LAWRENCEVILLE - Think Sundays are pressure-cookers for pro football players? You're right, they are.
But that's once a week. Try that environment every third day when the stakes are far beyond the superficial.
Consider this scenario: It's twilight on a balmy Tuesday in July and, like an unwanted dinner guest, a surging thunderstorm is knocking on Gwinnett's door. The sky, blue just hours before, looks like the end of days.
When the system finally makes its way in, it seems to park directly over the southern portion of the county amidst rush-hour gridlock.
A single rumble and the elements get nasty all at once. Heavy rain. High winds. And round after round of steel-blue lightning shooting from the heavens.
As many folks settle in for dinner - or traffic - sworn members of the Gwinnett County Department of Fire and Emergency Services, overseeing the largest fire district in the state, put their chow plans on hold. On this particular evening, the department will be pushed to the brink as crews will respond to more than 140 calls in a three-hour span.
While the lightning-tinged deluge randomly picks its marks - house fires, car accidents, downed trees, alarm bells, you name it - top officials hunkered down at the department's emergency operations room are making sure the county's response is anything but haphazard.
From helping the county's 911 center dispatch units to critical calls to backfilling empty stations, these individuals are the quarterback of a large team that cannot afford to lose.
Storms hit small areas, require big effort
Improvise, adapt, overcome.
For the Gwinnett Fire Department, these watchwords are not a cute mission statement. It's the real deal, especially when Mother Nature has taken a swing at Gwinnett.
For a solid month this summer, every shift of Gwinnett Fire - there are three - has had to deal with these odds. From fresh-faced rookies yearning to earn respect on the fireground to seasoned veterans who know all too well how quickly a situation can go downhill, everyone has been tested.
"Storms?" asks a shift commander with a half-smile earned by more than 30 years on the job. "Don't ask me about storms."
It's become a recurring theme: Thunderstorm pummels Gwinnett. Damage amasses. Worries mount. The Fire Department busily files into action.
Yet it isn't so much that the storms have produced unprecedented chaos, according to Deputy Chief David Dusik.
"A lot of time we can have a storm in the metro area and it not even touch Gwinnett County, and then sometimes we have one ... that sits over Gwinnett County and the surrounding areas aren't hit," Dusik says.
When this happens, it's almost like the storm is concentrating on one area, which, in turn, puts the brunt of the work on units countywide.

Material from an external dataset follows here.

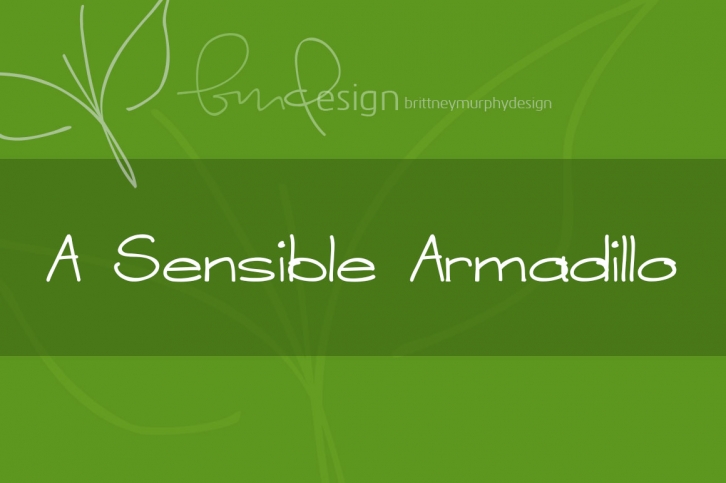 A Sensible Armadill Font Download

Here's a snapshot of storm-related damage in a two-week span:
n A felled tree crashed into an apartment building above a bedroom full of children. Several small children were reportedly in the room at the time but were not injured. Officials said the tree fell about 12:17 a.m. at an apartment complex in the 2500 block of Windy Hill Point in Lawrenceville. Firefighters evacuated the six-unit building as a precaution, then went in to assess the damage.
n A residence in the 900 block of Creekview Bluff Way sustained severe fire damage after lightning struck the two-story structure. No injuries were reported. The Red Cross was contacted to assist the displaced occupants.
n A home in the 3100 block of Bugle Drive in Duluth is gutted by fire after being struck by lightning.
n Units from Loganville, DeKalb and Hall counties provided mutual aid to unmanned Gwinnett stations.
n Storms knocked out power to the Post's production facility, causing a printing delay and glitch in computer systems. Power was restored around 4 a.m., and carriers were on the streets three hours later.
The War Room
The storms' ferocity has prompted the department to activate its emergency operations plan nine times over the summer. Its intent is simple: Cut down on radio traffic through written protocols so that each crew knows its role in a larger context. More importantly, it limits resources that traditionally respond to a call - five or six - to only two or three trucks, allowing more units to respond to other incidents.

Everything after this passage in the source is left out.